Instructions for the task: Beginning at the line that contains "Wolf On The" and finishing at the line that contains "May include: Three", output the data below exactly. Include both end lines and no pictures.

-------- Provided material

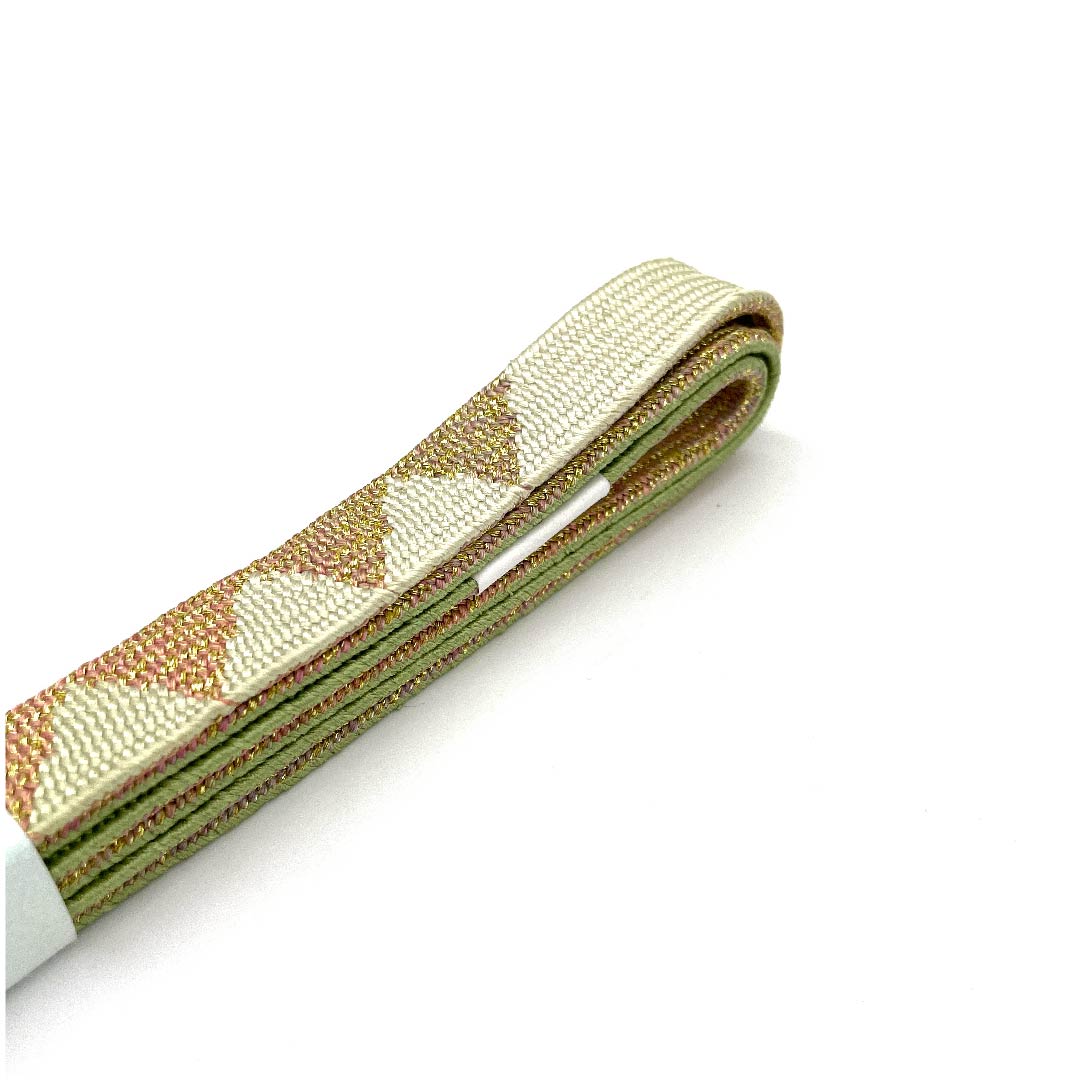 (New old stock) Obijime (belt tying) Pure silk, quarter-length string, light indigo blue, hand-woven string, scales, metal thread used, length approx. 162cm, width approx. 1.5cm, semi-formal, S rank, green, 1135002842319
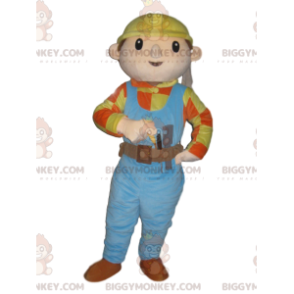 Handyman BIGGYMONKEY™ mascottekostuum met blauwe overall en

----------------
-------- Provided material

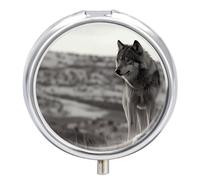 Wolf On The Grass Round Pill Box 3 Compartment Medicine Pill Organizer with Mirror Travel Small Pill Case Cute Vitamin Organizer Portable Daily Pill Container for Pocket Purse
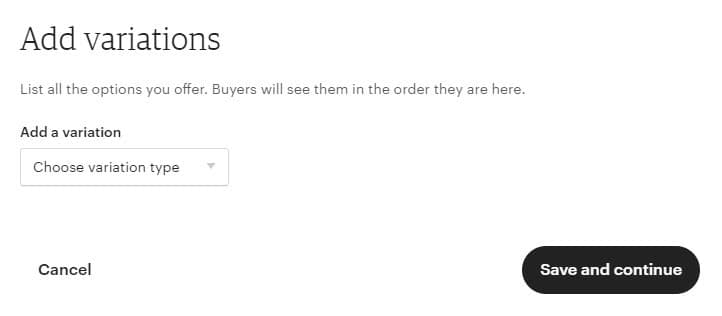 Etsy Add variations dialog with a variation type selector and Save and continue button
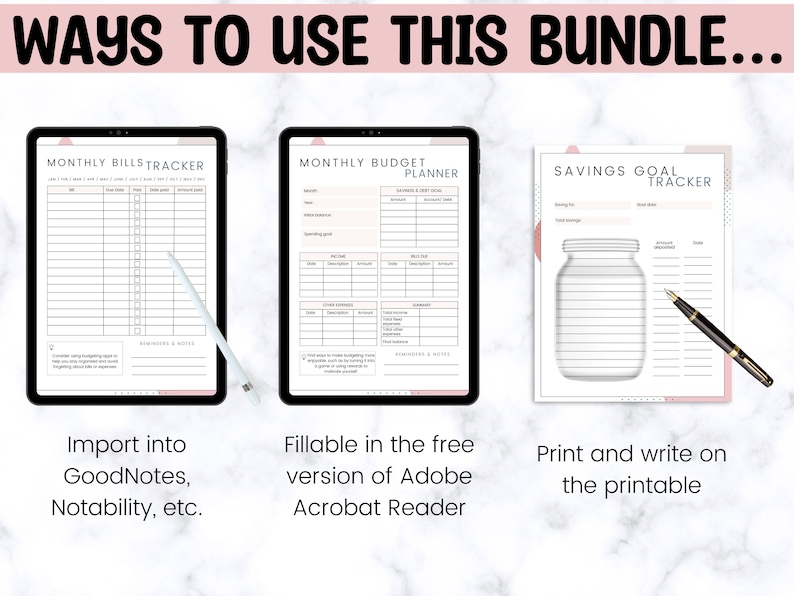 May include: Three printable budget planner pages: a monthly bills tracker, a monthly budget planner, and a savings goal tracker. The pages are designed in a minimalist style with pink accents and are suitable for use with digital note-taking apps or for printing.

----------------

Answer to this problem:
 Wolf On The Grass Round Pill Box 3 Compartment Medicine Pill Organizer with Mirror Travel Small Pill Case Cute Vitamin Organizer Portable Daily Pill Container for Pocket Purse
 Etsy Add variations dialog with a variation type selector and Save and continue button
 May include: Three printable budget planner pages: a monthly bills tracker, a monthly budget planner, and a savings goal tracker. The pages are designed in a minimalist style with pink accents and are suitable for use with digital note-taking apps or for printing.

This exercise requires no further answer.